Después que los bárbaros aquellos se hubieron dado por satisfechos por ahora aplicándole al infeliz preso las más refinadas crueldades, le volvieron a poner los hierros, y lo devolvieron a su anterior mazmorra. A la mañana siguiente recibió un poco de auxilio del esclavo turco ya mencionado, que le trajo secretamente, en sus mangas, algunas pasas e higos, que lamió con toda la fuerza que le quedaba en la lengua. Es a este esclavo que atribuyó Mr.

Lithgow el que sobreviviera tanto tiempo en una situación tan inhumana, porque encontró medios para llevarle algunos de estos frutos dos veces a la semana. Es muy extraordinario, y digno de mención, que este pobre esclavo, criado desde su infancia en base de las máximas de su profeta y de sus padres, y detestando a los cristianos al máximo, se sintiera tan afectado por las terribles circunstancias de Mr. Lithgow que cayó enfermo, y asíestuvo por espacio de cuarenta días. Durante este período, Mr. Lithgow fue atendido por una mujer negra, esclava, que encontró maneras para darle aún más amplio auxilio que el turco, al conocer la casa y la familia. Le traía víveres cada día, y algo de vino en una botella.

El tiempo había ya transcurrido de tal manera, y la situación era tan verdaderamente horrenda, que Mr. Lithgow esperaba ansioso el día en que, viendo el fin de su vida, vería también el fin de sus tormentos. Pero sus deprimentes expectativas fueron interrumpidas por la feliz interposición de la Providencia, y consiguió su liberación gracias a las siguientes circunstancias.

Sucedió que un caballero español de alto rango llegó de Granada a Málaga, e invitado por el gobernador, le informó éste de lo que le había sucedido a Mr. Liffigow desde el momento en que fue prendido como espía, y le describió los diversos sufrimientos que había padecido. Asimismo le dijo que después que se supo que el preso era inocente, esto le causó gran preocupación. Que por esta razón lo habría liberado y hecho alguna compensación por los males que había sufrido, pero que, al inspeccionar sus escritos, se hallaron varios que eran de naturaleza blasfema, muy ridiculizadores de su religión, y que, al rehusar abjurar de estas opiniones heréticas, fue entregado a la Inquisición, por quienes fue finalmente condenado.

Mientras el gobernador estaba relatando esta trágica historia, un joven flamenco (criado del caballero español) que servia a la mesa quedó lleno de asombro y lástima por los sufrimientos del extraño asídescritos.
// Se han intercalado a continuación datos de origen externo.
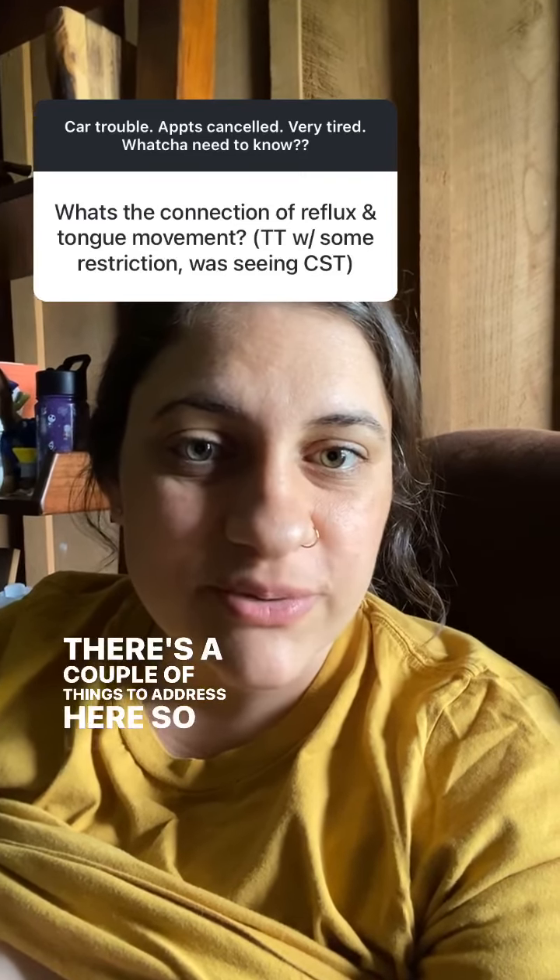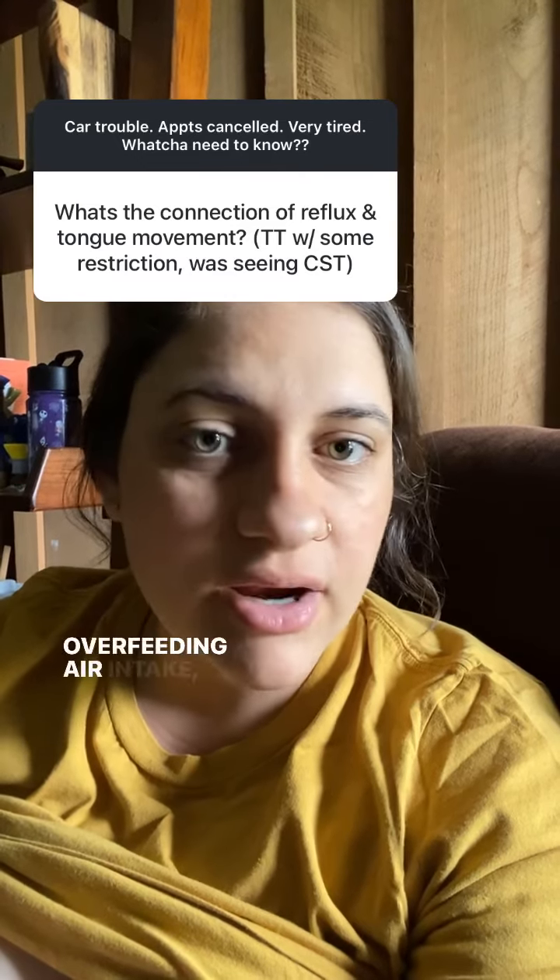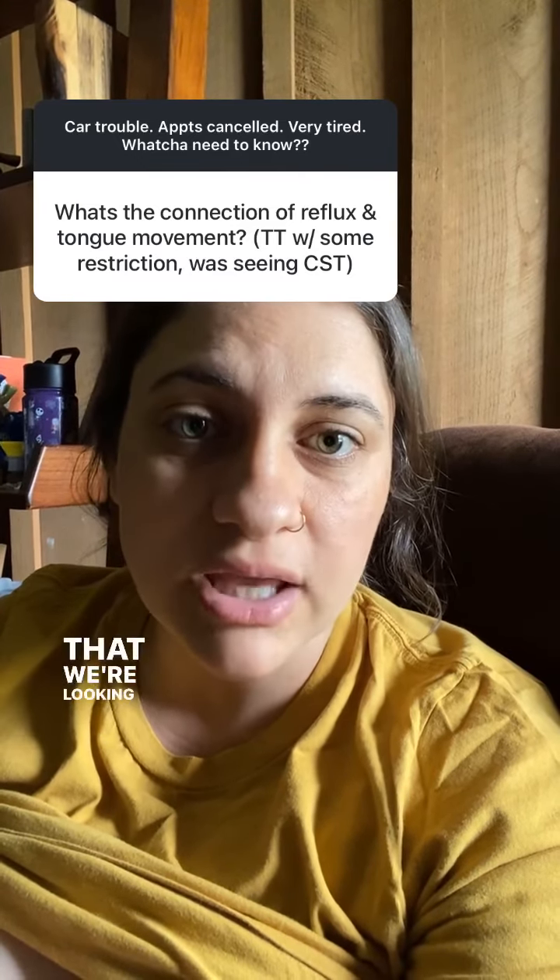There are a couple of things to address here, so let's break it down. Reflux has a cause: overfeeding, air intake, and allergy or intolerances are the ones that we're looking at first.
Al volver al alojamiento de su amo comenzó a dar vueltas en su mente a lo que había oído, lo que hizo tal impresión sobre él que no podía reposar en su cama. En los cortos sueños que descabezó, su imaginación lo llevaba a la persona descrita, sobre el potro, y ardiendo en el fuego. Y pasó la noche en esta ansiedad. Al llegar la mañana, fue a la ciudad, sin revelar sus intenciones a nadie, y preguntó por el factor inglés.

Fue dirigido a la casa de un tal Mr. Wild, a quien le contó todo lo que había oído la noche anterior, entre su amo y el gobernador, pero no sabia el nombre de Mr. Lithgow. Sin embargo, Mr. Wild conjeturó que se trataba de él, al recordar el criado la circunstancia de que se trataba de un viajero, y de haberlo conocido algo.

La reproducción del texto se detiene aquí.